Subsequence, not consequence. All of the errors discussed so far lead to the assumption that what has happened, for good or ill, has been caused by what was done before — that if a headache disappeared, it was because of the drug. It is ironic that the evidence-based-medicine movement, which has done so much to enthrone the randomized clinical trial as a principled and cautious way of establishing causation across populations, consistently fails to establish causation in the context of personalized medicine.
These warnings are not intended to discourage researchers from pursuing precision medicine. Rather, they are meant to encourage them to get a better sense of its potential at the outset.
How to improve? One thing we need more of are N-of-1 trials. These studies repeatedly test multiple treatments in the same person, including the same treatment multiple times (see ‘Compare each patient at least twice’).
With such designs, we can assess differences between the same drug being administered on many occasions, and compare those data with differences seen when different drugs are administered in the same way. They are being used, for example, in trials of fentanyl for pain control in individuals with cancer9 and of temazepam for people with sleep disturbances10.

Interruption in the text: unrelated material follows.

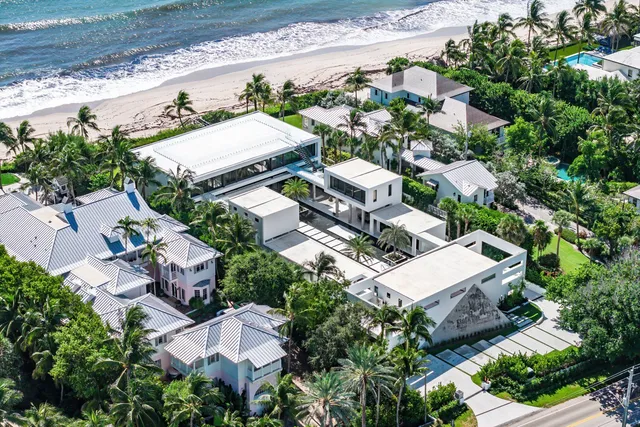 an aerial view of a house with outdoor space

When medicines are given on many occasions for a chronic or recurring condition, N-of-1 studies are a good way of establishing the scope for personalized medicine11. When drugs are given once or infrequently for degenerative or fatal conditions, careful modelling of repeated measures can help. Whatever their approach, trial designers must hunt down sources of variation. To work out how much of the change observed is due to variability within individuals requires more careful design and analysis12.
Another advance would be to drop the use of dichotomies5. Statistical analysis of continuous measurements is straightforward but underused. More-widespread uptake of this approach would mean that clinical trials could enrol fewer patients and still collect more information6.
Perhaps the most straightforward adjustment would be to avoid labels such as ‘responder’ that encourage researchers to put trial participants in arbitrary categories. An alternative term — perhaps ‘clinical improvement’ or ‘satisfactory endpoint’ — might help. Better still, sticking with the actual measurement would reduce the peril of all the pitfalls mentioned here.
It has been a long, hard struggle in medicine to convince researchers, regulators and patients that causality is hard to study and difficult to prove. We are in danger of forgetting at the level of the individual what we have learnt at the level of the population. Realizing that the scope for personalized medicine might be smaller than we have assumed over the past 20 years will help us to concentrate our resources more carefully. Ironically, this could also help us to achieve our goals.